#### To do:
When you reach the line that contains "Thanks for watching." in the data below, start reproducing lines exactly, and stop after the line that contains "For a cubic".

#### Dataset excerpts:
⟨

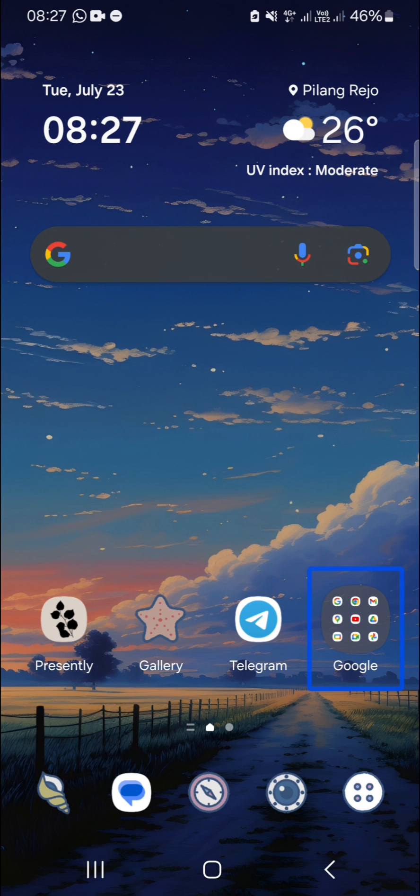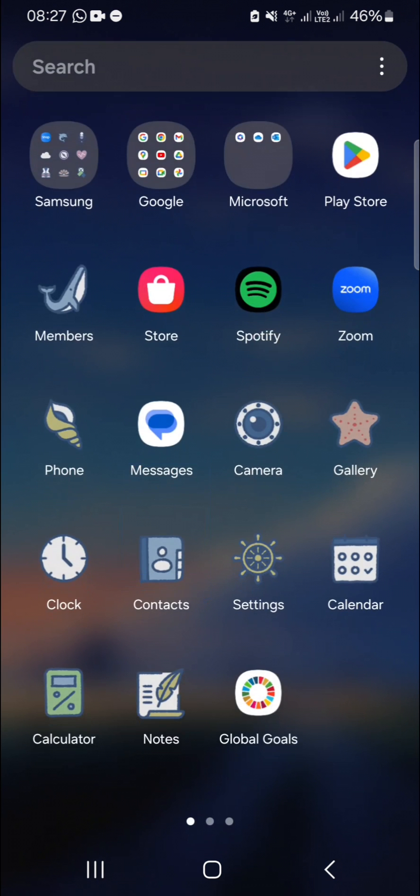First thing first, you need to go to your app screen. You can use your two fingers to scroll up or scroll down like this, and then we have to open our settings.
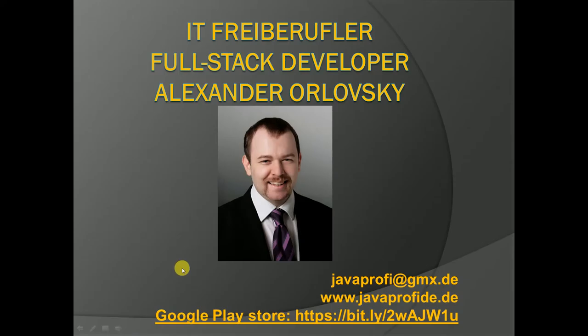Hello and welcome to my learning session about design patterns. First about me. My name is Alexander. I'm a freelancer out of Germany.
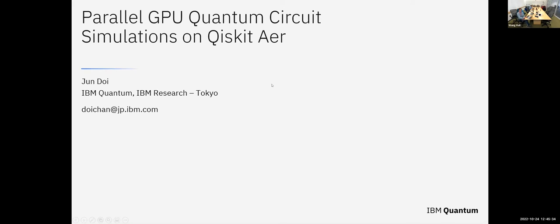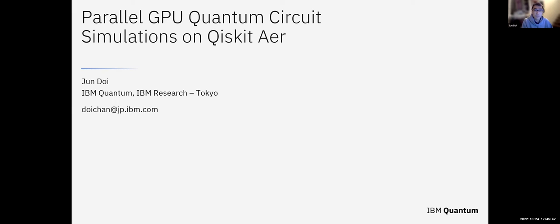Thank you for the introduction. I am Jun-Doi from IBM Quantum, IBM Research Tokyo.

⟩
⟨

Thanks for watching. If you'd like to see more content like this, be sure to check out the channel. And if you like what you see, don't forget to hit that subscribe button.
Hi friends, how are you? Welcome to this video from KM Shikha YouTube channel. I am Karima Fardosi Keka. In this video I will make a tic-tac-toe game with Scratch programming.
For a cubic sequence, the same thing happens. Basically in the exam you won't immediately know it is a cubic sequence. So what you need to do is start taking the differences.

⟩

#### Result of this task:
Thanks for watching. If you'd like to see more content like this, be sure to check out the channel. And if you like what you see, don't forget to hit that subscribe button.
Hi friends, how are you? Welcome to this video from KM Shikha YouTube channel. I am Karima Fardosi Keka. In this video I will make a tic-tac-toe game with Scratch programming.
For a cubic sequence, the same thing happens. Basically in the exam you won't immediately know it is a cubic sequence. So what you need to do is start taking the differences.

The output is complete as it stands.